▶ [Exercise brief] For the entries below, repeat exactly each line starting with the one that contains "抖音關(guān)鍵詞怎么設(shè)置,怎么把抖音關(guān)鍵詞做上去" and going on through the one that contains "Pädiatrische Notfall- und", and no others.

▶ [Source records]
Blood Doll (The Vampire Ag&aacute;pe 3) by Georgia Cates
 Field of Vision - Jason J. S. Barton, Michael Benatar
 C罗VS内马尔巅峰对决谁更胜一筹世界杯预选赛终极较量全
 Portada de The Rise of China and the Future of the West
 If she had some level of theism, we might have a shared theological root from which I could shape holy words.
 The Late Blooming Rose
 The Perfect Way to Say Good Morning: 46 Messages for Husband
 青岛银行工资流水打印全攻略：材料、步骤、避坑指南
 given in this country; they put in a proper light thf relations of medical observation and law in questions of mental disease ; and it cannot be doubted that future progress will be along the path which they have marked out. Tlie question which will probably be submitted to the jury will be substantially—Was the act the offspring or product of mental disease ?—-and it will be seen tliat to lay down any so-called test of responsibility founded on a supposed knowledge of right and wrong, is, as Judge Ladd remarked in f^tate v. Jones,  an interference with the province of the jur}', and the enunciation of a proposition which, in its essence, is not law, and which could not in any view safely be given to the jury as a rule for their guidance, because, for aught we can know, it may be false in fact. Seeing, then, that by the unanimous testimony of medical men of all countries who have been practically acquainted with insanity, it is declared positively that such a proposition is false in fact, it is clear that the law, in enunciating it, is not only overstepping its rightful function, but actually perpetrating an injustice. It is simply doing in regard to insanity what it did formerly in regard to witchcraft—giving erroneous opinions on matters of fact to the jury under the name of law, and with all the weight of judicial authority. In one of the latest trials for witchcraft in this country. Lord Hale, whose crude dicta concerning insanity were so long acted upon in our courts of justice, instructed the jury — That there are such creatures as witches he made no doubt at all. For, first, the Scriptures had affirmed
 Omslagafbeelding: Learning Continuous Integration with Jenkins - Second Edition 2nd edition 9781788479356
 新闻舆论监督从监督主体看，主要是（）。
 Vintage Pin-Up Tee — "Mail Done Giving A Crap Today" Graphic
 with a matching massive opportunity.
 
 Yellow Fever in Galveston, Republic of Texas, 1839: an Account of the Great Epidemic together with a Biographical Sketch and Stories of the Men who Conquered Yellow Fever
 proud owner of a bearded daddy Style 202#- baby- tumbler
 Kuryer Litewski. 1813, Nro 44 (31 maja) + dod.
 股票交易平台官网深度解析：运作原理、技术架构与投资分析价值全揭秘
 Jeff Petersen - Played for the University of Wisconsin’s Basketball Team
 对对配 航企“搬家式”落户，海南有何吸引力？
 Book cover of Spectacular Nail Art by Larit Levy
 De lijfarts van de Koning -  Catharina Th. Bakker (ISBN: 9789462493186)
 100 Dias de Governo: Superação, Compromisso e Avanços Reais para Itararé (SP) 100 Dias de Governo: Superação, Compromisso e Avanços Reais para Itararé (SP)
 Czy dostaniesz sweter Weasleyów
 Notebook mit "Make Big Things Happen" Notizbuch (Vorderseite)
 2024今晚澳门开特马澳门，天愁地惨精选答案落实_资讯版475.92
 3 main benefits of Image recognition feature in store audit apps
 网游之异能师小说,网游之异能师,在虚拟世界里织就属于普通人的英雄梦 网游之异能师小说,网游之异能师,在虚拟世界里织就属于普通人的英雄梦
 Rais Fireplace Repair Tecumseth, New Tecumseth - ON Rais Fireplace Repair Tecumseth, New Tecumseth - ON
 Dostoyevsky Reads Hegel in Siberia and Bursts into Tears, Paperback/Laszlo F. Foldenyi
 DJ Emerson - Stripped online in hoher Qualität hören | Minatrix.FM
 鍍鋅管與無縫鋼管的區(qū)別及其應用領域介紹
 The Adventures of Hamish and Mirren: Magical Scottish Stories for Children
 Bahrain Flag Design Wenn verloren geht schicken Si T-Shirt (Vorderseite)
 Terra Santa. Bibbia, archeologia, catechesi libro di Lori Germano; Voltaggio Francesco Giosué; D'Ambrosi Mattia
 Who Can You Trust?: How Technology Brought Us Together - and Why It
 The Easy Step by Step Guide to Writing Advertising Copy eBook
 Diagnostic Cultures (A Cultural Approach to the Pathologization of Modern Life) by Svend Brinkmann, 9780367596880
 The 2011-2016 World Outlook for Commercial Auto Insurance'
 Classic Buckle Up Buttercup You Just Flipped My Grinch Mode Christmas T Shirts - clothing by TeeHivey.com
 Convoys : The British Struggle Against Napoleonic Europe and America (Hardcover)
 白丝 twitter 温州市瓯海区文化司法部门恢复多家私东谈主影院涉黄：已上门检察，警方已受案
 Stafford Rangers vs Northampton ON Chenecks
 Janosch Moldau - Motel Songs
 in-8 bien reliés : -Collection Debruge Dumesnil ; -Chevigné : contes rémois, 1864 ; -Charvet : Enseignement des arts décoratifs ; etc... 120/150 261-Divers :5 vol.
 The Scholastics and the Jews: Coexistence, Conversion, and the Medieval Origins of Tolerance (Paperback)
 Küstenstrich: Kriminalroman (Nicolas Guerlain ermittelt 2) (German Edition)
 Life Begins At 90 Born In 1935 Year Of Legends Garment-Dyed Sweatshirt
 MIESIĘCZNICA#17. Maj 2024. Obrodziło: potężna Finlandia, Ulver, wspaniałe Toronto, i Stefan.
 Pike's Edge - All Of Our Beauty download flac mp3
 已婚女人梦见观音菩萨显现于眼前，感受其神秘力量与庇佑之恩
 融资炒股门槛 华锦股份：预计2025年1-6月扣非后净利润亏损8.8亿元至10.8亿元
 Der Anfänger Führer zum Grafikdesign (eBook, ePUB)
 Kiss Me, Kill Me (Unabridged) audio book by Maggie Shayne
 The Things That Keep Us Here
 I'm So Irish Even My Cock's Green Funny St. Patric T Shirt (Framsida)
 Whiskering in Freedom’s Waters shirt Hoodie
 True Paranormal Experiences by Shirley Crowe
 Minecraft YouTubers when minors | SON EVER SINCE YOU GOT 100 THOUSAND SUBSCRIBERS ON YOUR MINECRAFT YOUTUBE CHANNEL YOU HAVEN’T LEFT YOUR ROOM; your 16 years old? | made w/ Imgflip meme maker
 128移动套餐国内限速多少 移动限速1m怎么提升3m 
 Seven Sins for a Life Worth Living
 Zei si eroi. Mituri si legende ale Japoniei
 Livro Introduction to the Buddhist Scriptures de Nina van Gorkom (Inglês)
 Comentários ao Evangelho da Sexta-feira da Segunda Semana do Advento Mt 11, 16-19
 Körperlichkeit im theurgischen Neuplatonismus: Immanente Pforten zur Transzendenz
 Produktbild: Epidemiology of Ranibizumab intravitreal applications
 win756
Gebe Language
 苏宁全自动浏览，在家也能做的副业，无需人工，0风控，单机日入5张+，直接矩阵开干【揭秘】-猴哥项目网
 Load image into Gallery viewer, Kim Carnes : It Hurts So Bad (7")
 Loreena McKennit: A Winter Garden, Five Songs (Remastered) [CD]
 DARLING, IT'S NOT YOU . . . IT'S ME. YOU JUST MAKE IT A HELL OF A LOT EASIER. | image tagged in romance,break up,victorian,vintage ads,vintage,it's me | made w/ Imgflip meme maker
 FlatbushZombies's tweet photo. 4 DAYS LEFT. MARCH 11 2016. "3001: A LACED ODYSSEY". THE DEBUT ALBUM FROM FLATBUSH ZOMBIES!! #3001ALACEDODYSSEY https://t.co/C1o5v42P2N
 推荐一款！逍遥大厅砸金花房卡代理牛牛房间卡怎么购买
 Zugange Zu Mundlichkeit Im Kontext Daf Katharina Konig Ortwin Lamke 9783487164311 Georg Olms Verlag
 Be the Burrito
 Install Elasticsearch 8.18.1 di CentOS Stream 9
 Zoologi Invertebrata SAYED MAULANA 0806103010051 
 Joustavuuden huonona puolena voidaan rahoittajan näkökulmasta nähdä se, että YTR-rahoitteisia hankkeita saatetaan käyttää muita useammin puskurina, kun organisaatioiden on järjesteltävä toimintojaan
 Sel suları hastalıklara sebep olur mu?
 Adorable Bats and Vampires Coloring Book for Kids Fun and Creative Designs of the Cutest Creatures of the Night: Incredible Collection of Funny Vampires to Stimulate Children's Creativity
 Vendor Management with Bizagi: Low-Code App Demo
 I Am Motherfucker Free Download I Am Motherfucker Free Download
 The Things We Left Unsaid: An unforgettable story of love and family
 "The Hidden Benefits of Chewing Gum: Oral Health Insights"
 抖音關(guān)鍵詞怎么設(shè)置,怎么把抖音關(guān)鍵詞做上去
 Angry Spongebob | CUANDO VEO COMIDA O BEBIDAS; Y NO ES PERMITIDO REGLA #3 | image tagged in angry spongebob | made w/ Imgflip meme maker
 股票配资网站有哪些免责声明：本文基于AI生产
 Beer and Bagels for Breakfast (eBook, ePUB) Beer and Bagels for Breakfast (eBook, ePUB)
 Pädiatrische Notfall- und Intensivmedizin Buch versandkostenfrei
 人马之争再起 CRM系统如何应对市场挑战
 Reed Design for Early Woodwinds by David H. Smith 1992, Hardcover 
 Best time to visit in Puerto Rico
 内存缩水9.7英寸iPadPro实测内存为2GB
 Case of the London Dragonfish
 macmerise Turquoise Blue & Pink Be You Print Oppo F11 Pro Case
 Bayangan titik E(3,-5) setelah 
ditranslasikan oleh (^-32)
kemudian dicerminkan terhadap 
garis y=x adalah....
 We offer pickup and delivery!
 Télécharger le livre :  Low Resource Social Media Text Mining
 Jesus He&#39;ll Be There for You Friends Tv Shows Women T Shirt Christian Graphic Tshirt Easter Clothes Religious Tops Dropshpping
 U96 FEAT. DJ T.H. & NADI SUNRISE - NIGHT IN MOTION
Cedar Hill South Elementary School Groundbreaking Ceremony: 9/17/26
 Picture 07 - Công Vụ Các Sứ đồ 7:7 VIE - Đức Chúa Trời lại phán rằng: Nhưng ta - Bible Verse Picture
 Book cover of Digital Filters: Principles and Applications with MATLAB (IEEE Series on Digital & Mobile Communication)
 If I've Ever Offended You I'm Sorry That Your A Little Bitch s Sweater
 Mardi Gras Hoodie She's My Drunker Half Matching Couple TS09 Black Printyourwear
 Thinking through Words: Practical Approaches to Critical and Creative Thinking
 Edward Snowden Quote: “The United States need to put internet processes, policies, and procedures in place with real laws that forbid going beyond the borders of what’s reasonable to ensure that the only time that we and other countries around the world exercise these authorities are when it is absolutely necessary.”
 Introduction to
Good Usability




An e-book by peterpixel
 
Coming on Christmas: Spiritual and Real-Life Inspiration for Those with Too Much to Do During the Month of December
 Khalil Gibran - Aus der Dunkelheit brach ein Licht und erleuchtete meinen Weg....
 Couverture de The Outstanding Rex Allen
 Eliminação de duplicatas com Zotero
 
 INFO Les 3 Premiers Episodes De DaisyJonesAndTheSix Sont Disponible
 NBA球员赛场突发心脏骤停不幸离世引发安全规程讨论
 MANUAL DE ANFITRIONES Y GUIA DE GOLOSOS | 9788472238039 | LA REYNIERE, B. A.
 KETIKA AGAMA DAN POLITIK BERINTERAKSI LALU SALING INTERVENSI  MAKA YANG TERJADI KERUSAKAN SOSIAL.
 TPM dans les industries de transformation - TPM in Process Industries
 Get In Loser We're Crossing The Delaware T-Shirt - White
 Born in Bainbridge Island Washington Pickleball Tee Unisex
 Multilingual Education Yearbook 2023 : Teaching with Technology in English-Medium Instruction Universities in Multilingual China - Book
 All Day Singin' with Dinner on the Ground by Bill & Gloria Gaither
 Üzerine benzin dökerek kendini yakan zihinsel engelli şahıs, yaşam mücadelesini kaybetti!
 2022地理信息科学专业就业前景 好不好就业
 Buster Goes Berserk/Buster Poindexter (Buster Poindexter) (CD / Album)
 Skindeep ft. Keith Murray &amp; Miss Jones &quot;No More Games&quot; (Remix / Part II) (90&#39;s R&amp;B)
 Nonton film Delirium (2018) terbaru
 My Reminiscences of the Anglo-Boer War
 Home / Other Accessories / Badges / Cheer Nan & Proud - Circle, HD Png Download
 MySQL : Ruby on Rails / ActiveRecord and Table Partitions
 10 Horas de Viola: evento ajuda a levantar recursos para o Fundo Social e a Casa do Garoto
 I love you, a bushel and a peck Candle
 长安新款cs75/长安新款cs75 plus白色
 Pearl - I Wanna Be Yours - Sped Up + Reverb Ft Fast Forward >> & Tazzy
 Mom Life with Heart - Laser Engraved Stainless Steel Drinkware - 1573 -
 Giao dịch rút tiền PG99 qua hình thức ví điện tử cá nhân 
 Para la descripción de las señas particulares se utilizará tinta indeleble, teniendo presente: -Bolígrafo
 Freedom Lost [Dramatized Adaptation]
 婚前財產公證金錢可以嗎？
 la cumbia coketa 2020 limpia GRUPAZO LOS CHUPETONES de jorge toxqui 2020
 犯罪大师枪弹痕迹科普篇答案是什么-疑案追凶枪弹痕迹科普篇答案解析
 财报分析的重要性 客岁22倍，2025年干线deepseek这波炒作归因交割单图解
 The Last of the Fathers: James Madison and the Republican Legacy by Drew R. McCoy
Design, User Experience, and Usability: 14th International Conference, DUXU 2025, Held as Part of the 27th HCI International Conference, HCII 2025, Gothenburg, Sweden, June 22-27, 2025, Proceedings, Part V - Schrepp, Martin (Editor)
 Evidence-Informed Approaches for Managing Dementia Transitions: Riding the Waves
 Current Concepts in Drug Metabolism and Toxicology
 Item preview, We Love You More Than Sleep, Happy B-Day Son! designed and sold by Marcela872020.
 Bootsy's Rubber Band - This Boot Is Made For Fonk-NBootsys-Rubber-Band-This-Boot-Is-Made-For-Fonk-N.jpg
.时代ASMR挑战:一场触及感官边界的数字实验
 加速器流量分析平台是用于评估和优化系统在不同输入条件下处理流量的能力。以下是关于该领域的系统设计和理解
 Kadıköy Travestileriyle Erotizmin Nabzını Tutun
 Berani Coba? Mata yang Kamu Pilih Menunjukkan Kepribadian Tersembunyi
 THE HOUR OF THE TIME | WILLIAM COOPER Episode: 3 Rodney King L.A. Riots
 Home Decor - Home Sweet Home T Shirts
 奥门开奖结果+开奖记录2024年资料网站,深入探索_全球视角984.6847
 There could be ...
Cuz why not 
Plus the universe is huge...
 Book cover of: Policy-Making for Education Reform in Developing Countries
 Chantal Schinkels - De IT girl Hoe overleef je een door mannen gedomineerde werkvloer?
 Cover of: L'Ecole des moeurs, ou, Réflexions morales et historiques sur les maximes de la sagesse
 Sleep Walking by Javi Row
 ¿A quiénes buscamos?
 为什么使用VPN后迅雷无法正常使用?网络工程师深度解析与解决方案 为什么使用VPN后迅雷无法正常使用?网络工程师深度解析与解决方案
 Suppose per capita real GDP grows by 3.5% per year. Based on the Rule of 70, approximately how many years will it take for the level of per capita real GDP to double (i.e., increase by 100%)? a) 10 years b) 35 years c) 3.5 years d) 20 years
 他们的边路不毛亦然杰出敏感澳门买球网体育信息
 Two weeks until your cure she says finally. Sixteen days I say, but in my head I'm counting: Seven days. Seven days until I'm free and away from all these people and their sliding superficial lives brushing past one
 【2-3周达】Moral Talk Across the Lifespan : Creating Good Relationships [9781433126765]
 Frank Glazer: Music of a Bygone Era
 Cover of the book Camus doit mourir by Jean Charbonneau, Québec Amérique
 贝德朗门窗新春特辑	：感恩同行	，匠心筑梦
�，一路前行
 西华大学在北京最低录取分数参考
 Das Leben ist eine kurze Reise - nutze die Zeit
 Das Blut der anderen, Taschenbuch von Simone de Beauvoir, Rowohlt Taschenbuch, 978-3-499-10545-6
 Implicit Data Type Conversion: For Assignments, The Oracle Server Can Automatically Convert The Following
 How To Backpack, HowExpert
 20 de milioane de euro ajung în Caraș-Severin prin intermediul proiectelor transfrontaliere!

▶ [Solved exercise]
 抖音關(guān)鍵詞怎么設(shè)置,怎么把抖音關(guān)鍵詞做上去
 Angry Spongebob | CUANDO VEO COMIDA O BEBIDAS; Y NO ES PERMITIDO REGLA #3 | image tagged in angry spongebob | made w/ Imgflip meme maker
 股票配资网站有哪些免责声明：本文基于AI生产
 Beer and Bagels for Breakfast (eBook, ePUB) Beer and Bagels for Breakfast (eBook, ePUB)
 Pädiatrische Notfall- und Intensivmedizin Buch versandkostenfrei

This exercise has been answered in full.